Sample size decrease when doing beta diversity analysis


I have a question about beta diversity analysis. My sample size seems to be reduced in beta diversity analyses in the emperor plot from 36 to 25. I used a sampling depth of 6093 which only removed three of the samples but I can see reductions in all samples really more than this. Can someone help me with figuring out why this is happening?


Hi @Negin,
We would need more detail to troubleshoot this issue. Could you provide us with the qiime2 version, exact commands you are running, and the feature-table and metadata file you are using? You could PM this if you rather not share this info publicly.

Hi Mehrbod,

I was able to return some of the samples. It seemed that I was using the sampling depth from before filtering so a higher number of my samples were removed. This fixed almost everything except for one species and only for Jaccard index that I lose one sample even though making unweighted unifrac plot with the exact data would not remove that sample. I was wondering whether dots can overlap in the plot?

Hi @Negin,
Glad you figured out the root of the problem!
Dots can theoretically overlap if everything in the samples is the same though this rarely happens in real life data. Personally I’ve never seen complete overlap. You can try searching for that individual sample by browsing through the side menu in Emperor. Simply go to the scale menu, find the sample that appears to be missing and increase its size until you find it on the plot. If that sample is missing completely from the drop down menu then we’ll have to look elsewhere for our problem.

Hi Mehrbod,

I tried that. I can’t find it. One sample of one species seem to be missing from two of the plots: Jaccard and weighted unifrac but not from unweighted unifrac or bray-curtis.

Hi @Negin,
Not sure I understand what you mean by one sample of one species, since the Emperor plots show samples alone without species info (unless this is a biplot?)
Would you mind sharing one of plots with the missing data and one without the missing data? You can PM this if you rather not share the data.

Hi Mehrbod,

In Emperor plot, we can choose a category. Here, I choose species and then species are color-coded and I can see what is missing. For example in the two plots below, you can see that Jaccard has one fewer sample when compared to Unifrac. They are located on the top left of the plot and they are green if you color-code based on species. Please let me know when you see the plots and I will remove them from here.

Thanks Negin,
Just looking through them now if you'd like to remove them. In the future, if you have sensitive data that you do't want public you can send them via direct messages on the forum by clicking on the top right avatar icon and clicking the envelope 'message' sign. :slight_smile:

Hi Negin,
Actually, looks like you attached the Jaccard visualization but the unweighted-unifrac distance matrix. I won’t be able to reproduce the emperor plot without the metadata.tsv file you used. Do you mind either PMing me the metadata.tsv file or the unweighted-unifrac visualization artifact. Thanks

Hi @Negin,
Thanks for PMing your Jaccard plot. As it turns out the powers at play had one last April Fool's joke to play with us.
Your initial guess that there was a complete overlap is true.

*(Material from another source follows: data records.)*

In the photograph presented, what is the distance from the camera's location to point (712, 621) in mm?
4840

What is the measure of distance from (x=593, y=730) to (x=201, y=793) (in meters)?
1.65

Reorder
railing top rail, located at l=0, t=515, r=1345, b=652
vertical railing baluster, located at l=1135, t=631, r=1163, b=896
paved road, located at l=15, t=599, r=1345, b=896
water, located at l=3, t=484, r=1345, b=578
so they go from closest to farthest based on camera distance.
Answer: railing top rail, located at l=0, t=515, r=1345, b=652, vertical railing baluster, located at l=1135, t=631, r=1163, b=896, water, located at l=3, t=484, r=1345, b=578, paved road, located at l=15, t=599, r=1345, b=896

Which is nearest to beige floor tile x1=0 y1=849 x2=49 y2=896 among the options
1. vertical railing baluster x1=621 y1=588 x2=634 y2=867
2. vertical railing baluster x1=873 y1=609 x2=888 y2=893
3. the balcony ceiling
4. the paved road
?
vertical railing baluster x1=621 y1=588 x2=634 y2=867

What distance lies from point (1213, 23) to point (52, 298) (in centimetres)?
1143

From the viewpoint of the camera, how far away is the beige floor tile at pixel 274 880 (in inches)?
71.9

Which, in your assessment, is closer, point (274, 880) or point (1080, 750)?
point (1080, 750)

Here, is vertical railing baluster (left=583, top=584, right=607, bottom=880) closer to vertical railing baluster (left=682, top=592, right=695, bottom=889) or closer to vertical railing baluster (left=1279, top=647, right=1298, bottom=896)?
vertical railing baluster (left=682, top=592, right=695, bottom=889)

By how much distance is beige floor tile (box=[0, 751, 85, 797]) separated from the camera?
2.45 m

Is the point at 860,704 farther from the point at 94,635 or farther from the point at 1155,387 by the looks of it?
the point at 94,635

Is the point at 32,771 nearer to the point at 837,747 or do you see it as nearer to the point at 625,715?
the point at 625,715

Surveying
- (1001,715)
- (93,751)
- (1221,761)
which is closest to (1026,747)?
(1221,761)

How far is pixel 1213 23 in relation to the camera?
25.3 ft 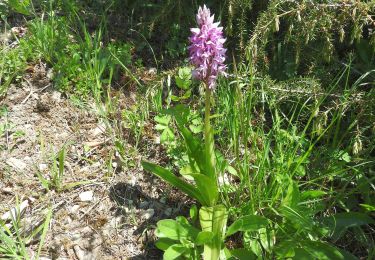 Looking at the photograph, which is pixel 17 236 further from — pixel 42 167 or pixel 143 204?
pixel 143 204

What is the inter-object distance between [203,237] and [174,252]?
0.14 m

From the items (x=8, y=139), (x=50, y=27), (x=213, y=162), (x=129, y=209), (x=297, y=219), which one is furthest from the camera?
(x=50, y=27)

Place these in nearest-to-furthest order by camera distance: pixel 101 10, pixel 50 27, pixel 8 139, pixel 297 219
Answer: pixel 297 219 < pixel 8 139 < pixel 50 27 < pixel 101 10

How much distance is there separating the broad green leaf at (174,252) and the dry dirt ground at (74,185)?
12.9 inches

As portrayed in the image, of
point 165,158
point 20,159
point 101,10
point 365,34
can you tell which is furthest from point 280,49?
point 20,159

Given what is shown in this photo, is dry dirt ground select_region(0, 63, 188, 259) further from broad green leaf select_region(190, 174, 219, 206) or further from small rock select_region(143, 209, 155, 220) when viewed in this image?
broad green leaf select_region(190, 174, 219, 206)

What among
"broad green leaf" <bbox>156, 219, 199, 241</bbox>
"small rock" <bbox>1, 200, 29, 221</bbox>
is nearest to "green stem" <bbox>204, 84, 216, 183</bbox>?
"broad green leaf" <bbox>156, 219, 199, 241</bbox>

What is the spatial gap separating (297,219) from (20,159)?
1544mm

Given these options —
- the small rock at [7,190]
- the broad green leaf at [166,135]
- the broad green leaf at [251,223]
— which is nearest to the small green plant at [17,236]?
the small rock at [7,190]

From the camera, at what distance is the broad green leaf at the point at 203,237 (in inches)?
73.2

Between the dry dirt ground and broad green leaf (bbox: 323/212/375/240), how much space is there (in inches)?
30.9

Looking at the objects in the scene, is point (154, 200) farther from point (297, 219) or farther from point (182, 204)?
point (297, 219)

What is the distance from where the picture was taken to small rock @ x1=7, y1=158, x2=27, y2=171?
7.85 ft

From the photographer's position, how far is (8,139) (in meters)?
2.48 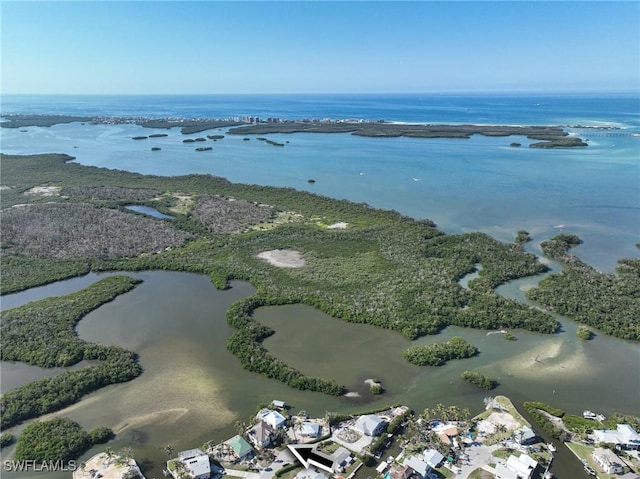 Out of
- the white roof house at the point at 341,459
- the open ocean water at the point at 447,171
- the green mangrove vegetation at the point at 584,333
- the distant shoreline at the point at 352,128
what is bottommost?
the white roof house at the point at 341,459

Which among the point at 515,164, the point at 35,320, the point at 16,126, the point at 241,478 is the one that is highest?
the point at 16,126

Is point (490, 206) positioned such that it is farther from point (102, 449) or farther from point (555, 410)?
point (102, 449)

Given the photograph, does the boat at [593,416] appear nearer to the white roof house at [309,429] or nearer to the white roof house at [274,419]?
the white roof house at [309,429]

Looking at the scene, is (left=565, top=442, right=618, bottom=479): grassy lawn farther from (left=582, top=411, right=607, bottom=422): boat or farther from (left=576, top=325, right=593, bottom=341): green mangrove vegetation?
(left=576, top=325, right=593, bottom=341): green mangrove vegetation

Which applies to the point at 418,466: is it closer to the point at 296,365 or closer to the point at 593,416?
the point at 296,365

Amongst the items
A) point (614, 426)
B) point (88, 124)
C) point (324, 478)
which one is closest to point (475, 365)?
point (614, 426)

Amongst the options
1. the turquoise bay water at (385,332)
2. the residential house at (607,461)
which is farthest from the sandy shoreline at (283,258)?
the residential house at (607,461)

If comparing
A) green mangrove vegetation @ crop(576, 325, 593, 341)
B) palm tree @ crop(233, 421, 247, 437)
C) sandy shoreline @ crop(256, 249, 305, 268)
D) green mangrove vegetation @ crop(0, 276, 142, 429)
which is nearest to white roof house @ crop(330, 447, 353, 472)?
palm tree @ crop(233, 421, 247, 437) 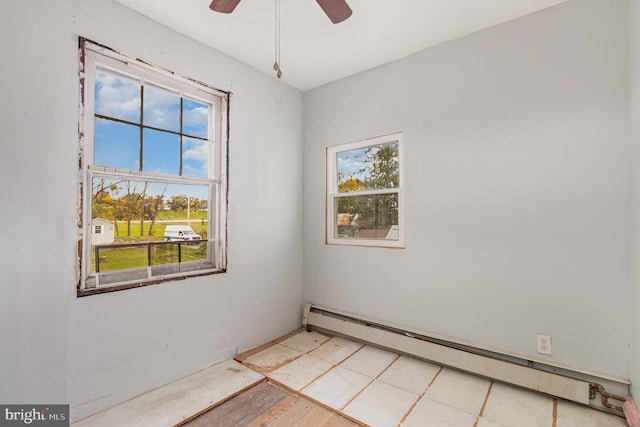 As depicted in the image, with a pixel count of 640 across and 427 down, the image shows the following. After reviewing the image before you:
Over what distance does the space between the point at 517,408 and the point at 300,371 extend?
1.48m

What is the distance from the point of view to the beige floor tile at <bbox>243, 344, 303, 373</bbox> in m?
2.45

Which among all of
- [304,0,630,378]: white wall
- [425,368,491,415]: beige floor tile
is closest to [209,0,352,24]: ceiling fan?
[304,0,630,378]: white wall

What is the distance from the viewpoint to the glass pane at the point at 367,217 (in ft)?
9.16

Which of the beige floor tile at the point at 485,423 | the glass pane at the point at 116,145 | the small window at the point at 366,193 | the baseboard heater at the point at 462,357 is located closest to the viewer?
the beige floor tile at the point at 485,423

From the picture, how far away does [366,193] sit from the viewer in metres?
2.97

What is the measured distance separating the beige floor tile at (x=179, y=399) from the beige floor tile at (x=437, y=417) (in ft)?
3.67

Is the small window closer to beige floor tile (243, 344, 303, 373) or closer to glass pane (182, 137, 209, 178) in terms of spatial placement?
beige floor tile (243, 344, 303, 373)

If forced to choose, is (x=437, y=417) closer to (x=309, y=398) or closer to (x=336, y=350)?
(x=309, y=398)

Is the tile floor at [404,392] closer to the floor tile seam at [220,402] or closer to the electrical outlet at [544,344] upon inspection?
the floor tile seam at [220,402]

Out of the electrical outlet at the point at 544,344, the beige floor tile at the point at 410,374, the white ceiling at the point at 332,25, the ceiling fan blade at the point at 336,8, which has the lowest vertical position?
the beige floor tile at the point at 410,374

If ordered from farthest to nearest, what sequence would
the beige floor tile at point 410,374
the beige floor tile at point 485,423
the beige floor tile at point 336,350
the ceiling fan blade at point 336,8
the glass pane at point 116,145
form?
1. the beige floor tile at point 336,350
2. the beige floor tile at point 410,374
3. the glass pane at point 116,145
4. the beige floor tile at point 485,423
5. the ceiling fan blade at point 336,8

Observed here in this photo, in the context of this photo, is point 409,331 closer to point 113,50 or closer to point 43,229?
point 43,229

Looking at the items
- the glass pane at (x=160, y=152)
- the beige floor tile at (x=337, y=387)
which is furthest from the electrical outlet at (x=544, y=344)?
the glass pane at (x=160, y=152)

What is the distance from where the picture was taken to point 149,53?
2145mm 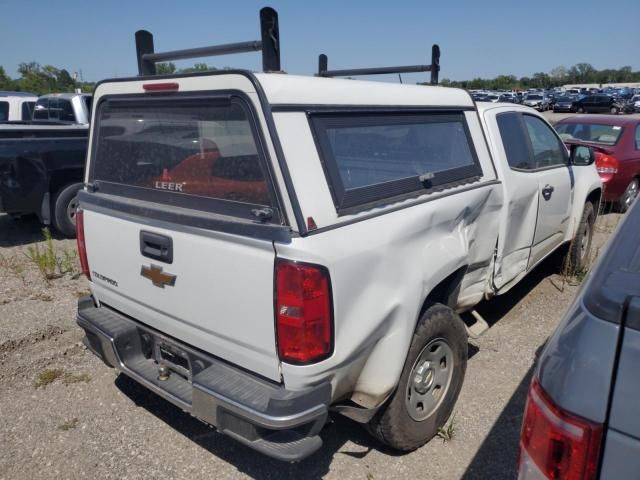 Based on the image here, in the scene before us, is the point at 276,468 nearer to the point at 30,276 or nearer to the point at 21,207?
the point at 30,276

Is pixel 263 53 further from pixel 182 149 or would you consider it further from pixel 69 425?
pixel 69 425

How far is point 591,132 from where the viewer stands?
874 cm

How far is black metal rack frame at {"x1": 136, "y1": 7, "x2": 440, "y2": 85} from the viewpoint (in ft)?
7.73

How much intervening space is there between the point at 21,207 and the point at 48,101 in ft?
12.4

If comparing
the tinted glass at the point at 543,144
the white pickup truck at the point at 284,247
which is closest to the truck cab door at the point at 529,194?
the tinted glass at the point at 543,144

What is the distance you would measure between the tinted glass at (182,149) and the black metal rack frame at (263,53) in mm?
376

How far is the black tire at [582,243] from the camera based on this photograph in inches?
208

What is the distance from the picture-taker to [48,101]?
9219mm

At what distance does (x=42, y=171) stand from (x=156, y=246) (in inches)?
193

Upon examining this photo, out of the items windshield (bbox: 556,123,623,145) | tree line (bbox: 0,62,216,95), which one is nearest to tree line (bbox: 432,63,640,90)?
tree line (bbox: 0,62,216,95)

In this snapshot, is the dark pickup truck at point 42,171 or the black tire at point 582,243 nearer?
the black tire at point 582,243

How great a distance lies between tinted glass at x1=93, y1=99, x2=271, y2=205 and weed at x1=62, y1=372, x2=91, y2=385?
1.49 metres

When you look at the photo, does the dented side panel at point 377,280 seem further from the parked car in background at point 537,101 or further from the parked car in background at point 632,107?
the parked car in background at point 537,101

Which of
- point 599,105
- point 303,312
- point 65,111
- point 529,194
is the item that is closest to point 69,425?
point 303,312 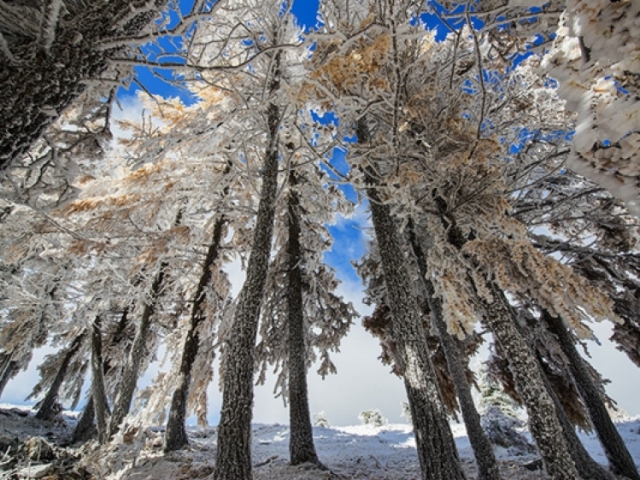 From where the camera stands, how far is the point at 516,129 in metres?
7.33

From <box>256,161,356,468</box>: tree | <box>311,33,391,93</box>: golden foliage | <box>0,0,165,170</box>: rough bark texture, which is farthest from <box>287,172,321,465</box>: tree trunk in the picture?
<box>0,0,165,170</box>: rough bark texture

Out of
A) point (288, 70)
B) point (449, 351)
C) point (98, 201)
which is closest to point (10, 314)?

The image on the left is your Jaccard plot color-coded with Species and the big green sphere is Hibernia and Persephone in perfect overlap. I couldn't separate them with scaling but I just changed one shape to a Ring and the other to a diamond and voila, they're both there.
I've never actually seen complete overlap in real life samples but given that the Jaccard distance is based on Presence/Absence this simply means that those two samples share all the same taxa/ASVs completely. This may have happened naturally which is rare, but I guess totally plausible or perhaps something you did with the filtering steps prior that drew those 2 samples to each other. Eitherway, there's nothing wrong with your plots or any of the tools used. Just Loki having a laugh :black_joker:


Hi Mehrbod,

Thank you for trouble-shooting that. I did filter reads that were suspected to be host DNA based on NCBI. That might be the cause of complete overlap.


and I should mention this was very smart of you to figure that out. Choosing a ring and resize them was the best way to see both. Thanks for figuring that out.


This topic was automatically closed 31 days after the last reply. New replies are no longer allowed.